La gasolina en autopista es más cara, normalmente 10-20 céntimos por litro por encima de la misma zona fuera de la vía, por tres razones estructurales: el canon que el área paga al concesionario, la ausencia de competencia inmediata y unos costes operativos altos.
Las tres causas, en detalle:
- Canon de concesión: la empresa que opera el área de servicio paga un canon al gestor de la autopista, y ese coste se repercute en el precio del carburante.
- Sin competencia inmediata: no hay alternativa a 2 km.
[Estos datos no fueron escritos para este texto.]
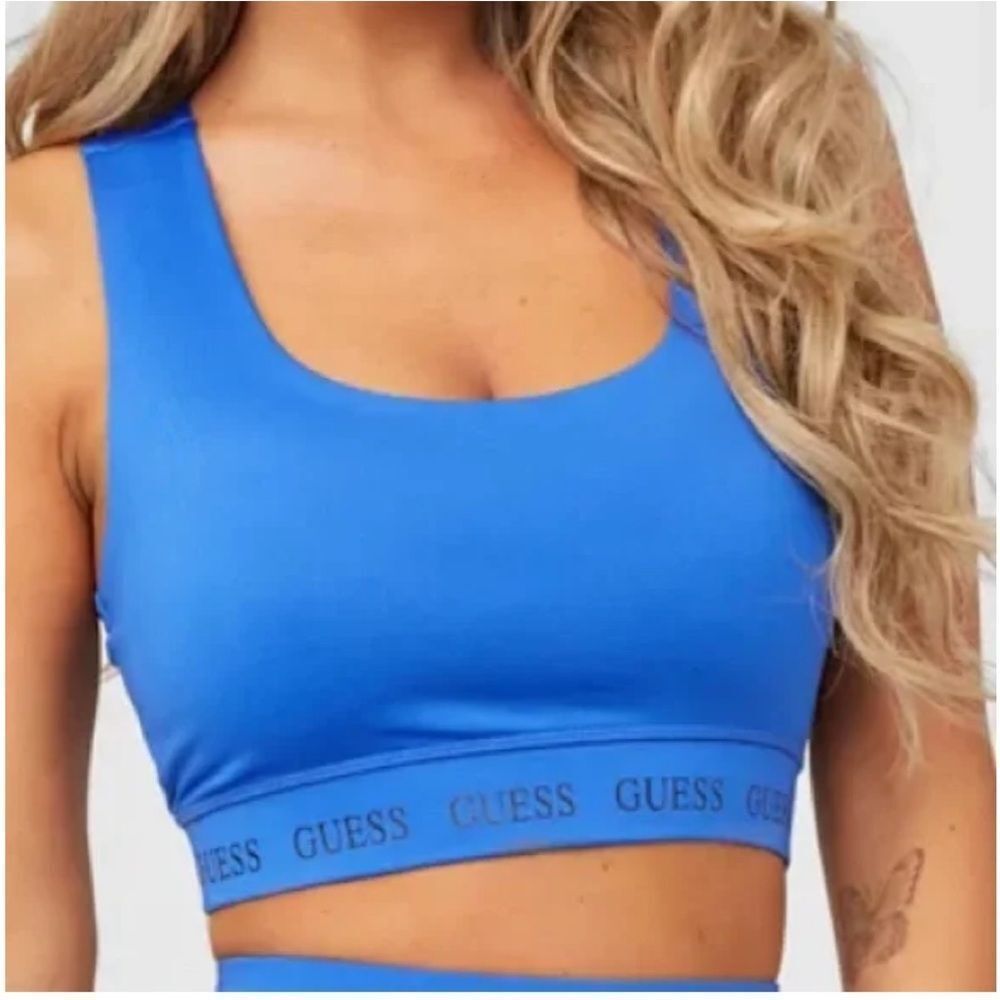Guess Rubye/Sherry Active Top in Macaw Blue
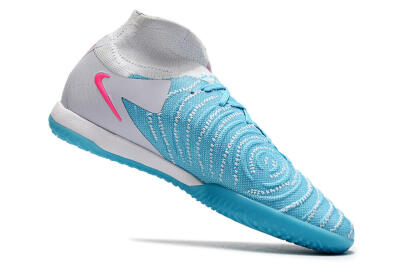Men's Nike Phantom Luna Elite NU IC Indoor & Futsal High-Tops Football Shoes - Blue/White/Pink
El conductor sin combustible suficiente para la siguiente salida no tiene poder de negociación, así que el operador puede sostener un margen mayor.
- Costes operativos altos: café, restaurante, tienda, aseos y parking suponen más coste fijo que una estación urbana.
El mecanismo se resume en falta de presión competitiva: donde no hay alternativa cercana, el margen comercial se amplía. Por eso la estrategia más eficaz es repostar antes de entrar en autopista si la previsión de combustible lo permite. Las autovías gratuitas (A-) suelen tener áreas algo más competitivas que las autopistas de peaje (AP-) porque hay más salidas y más alternativas accesibles. El hub de autovías muestra el precio medio de cada corredor.